In an interview with the Atlantic on Tuesday, Buttigieg said McKinsey "is as amoral as the American business community in general, or at least the corporate community, can be." But, he added, "I never worked on or was asked to work on things that I had a problem with."
Buttigieg had publicly called on McKinsey to release him from his NDA in an interview with New Hampshire Public Radio last week.
"Maybe they're not used to doing that, but they're not used to having somebody who used to work there being seriously considered for the American presidency," Buttigieg said. "This information should come up and I'm happy to speak to it when it does."
In his statement Tuesday, Buttigieg's campaign described Blue Cross as his first client, and said he worked for the company in 2007. "He was assigned to a team that looked at overhead expenditures such as rent, utilities, and company travel. The project he was assigned to did not involve policies, premiums, or benefits," the campaign said.

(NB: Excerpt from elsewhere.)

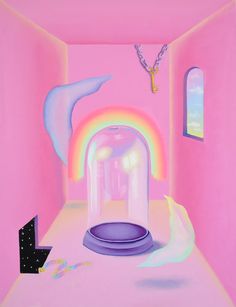 a painting of a pink room with a rainbow colored light coming from the ceiling and an arch leading to a cross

The Michigan insurance company announced in January of 2009 it was cutting up to 1,000 jobs, the New York Times reported.
Buttigieg said on MSNBC that he doubts that his work led to the job cuts.

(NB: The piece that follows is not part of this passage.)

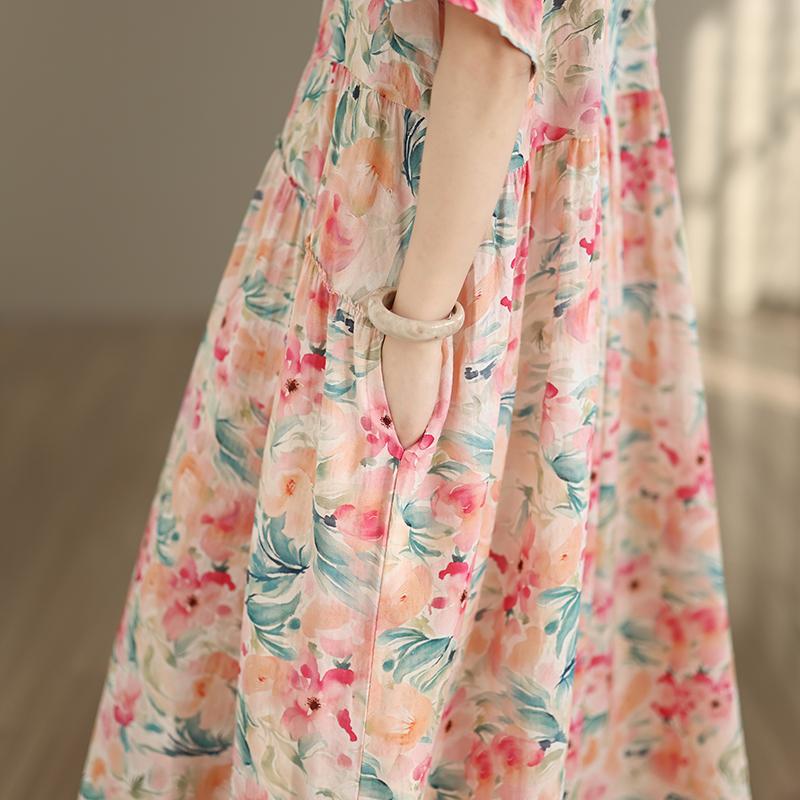 DIMANAF New 2026 Sundress Women Plus Size Summer Casual Print Long Dress Cotton Loose Oversize Maxi Floral Beach Holiday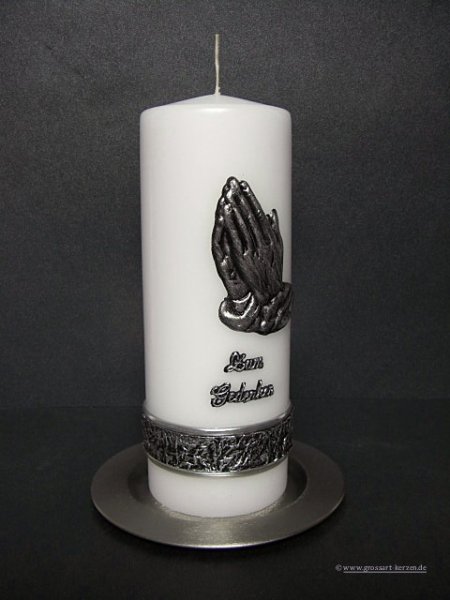 Trauerkerze - Gedenkkerze "Betende Hände"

"I don't know what happened in the time after I left — that was in 2007, when they decided to shrink in 2009," he said. "Now, what I do know is, there are some voices in the Democratic primary right now who are calling for a policy that would eliminate the job of every single American working at every single insurance company in the country."
Buttigieg worked with Best Buy in 2008, where he was involved in a project looking at "opportunities for selling more energy-efficient home products in their stores," the campaign said.
His work for energy and environmental companies and agencies included researching opportunities "to combat climate change through energy efficiency," the campaign said.
His work for the Defense Department included going to Iraq and Afghanistan as part of a project "focused on increasing employment and entrepreneurship in those countries’ economies," the campaign said.
Buttigieg joined the Navy Reserve that same year, 2009. He was later deployed to Afghanistan, where he did a six month tour in 2013.